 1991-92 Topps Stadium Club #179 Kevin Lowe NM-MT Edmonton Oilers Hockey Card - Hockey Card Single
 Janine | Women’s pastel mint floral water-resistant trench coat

^^^^^^^^

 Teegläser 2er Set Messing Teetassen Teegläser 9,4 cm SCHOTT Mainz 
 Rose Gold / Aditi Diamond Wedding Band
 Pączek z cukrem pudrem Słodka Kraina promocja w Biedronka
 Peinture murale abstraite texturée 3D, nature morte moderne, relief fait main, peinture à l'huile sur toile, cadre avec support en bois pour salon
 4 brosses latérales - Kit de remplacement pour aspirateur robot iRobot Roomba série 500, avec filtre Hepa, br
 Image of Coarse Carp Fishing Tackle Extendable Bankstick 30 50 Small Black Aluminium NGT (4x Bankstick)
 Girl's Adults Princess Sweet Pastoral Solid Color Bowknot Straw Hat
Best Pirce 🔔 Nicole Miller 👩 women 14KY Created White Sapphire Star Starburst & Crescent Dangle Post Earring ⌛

^^^^^^^^

Within the material above, the line with "Peinture murale abstraite" opens the range and the line with "Best Pirce 🔔" closes it; reproduce that range word for word.

# [Solution to this problem]
 Peinture murale abstraite texturée 3D, nature morte moderne, relief fait main, peinture à l'huile sur toile, cadre avec support en bois pour salon
 4 brosses latérales - Kit de remplacement pour aspirateur robot iRobot Roomba série 500, avec filtre Hepa, br
 Image of Coarse Carp Fishing Tackle Extendable Bankstick 30 50 Small Black Aluminium NGT (4x Bankstick)
 Girl's Adults Princess Sweet Pastoral Solid Color Bowknot Straw Hat
Best Pirce 🔔 Nicole Miller 👩 women 14KY Created White Sapphire Star Starburst & Crescent Dangle Post Earring ⌛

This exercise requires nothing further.